- _What you need to do_
Range to copy from the entries below: the line containing "2016 Volkswagen Golf" through the line containing "TOMS Women’s Classic", inclusive. Retype only those lines, exactly, without any images.

- _Data extracts_
==========
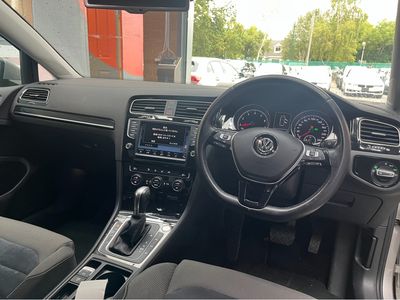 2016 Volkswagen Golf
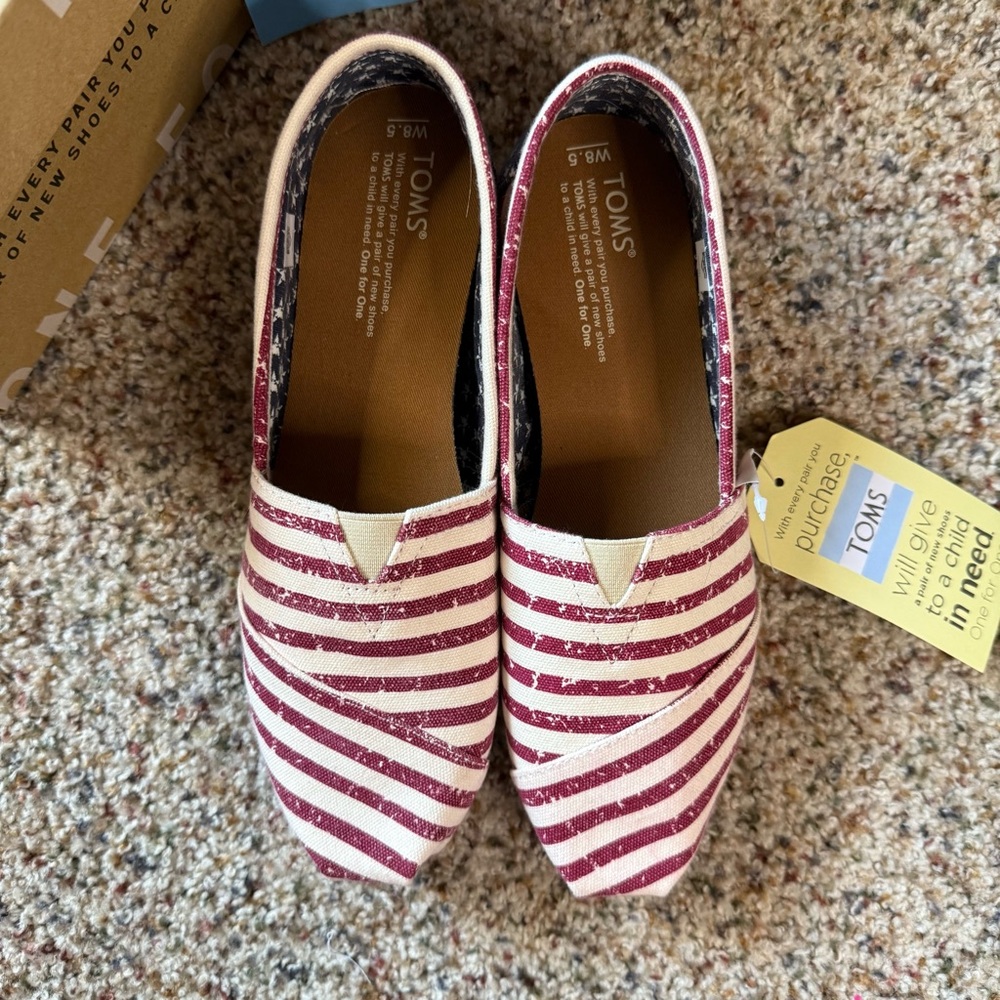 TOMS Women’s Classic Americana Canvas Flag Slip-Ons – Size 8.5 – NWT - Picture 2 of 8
==========
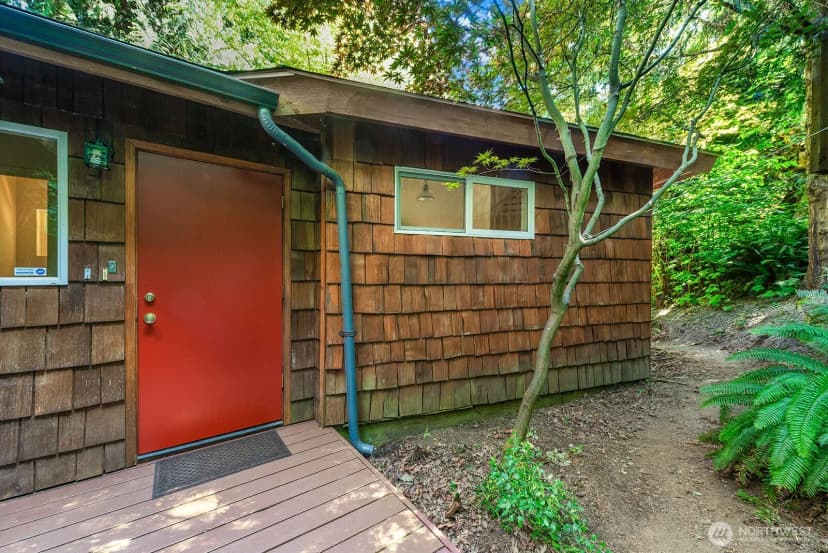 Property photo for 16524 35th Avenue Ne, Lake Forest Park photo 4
==========
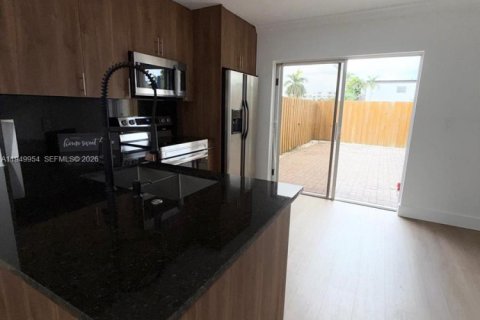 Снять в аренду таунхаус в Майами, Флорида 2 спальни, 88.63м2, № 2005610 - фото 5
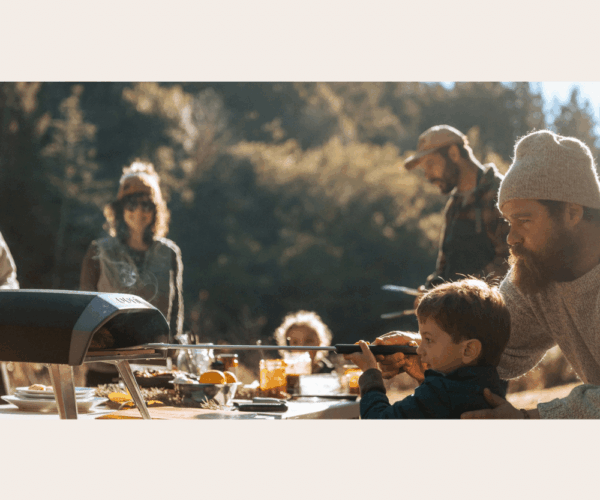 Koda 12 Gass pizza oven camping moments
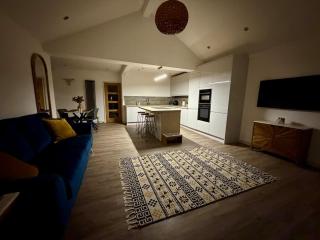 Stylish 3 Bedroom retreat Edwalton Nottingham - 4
==========
- _Answer below_
 2016 Volkswagen Golf
 TOMS Women’s Classic Americana Canvas Flag Slip-Ons – Size 8.5 – NWT - Picture 2 of 8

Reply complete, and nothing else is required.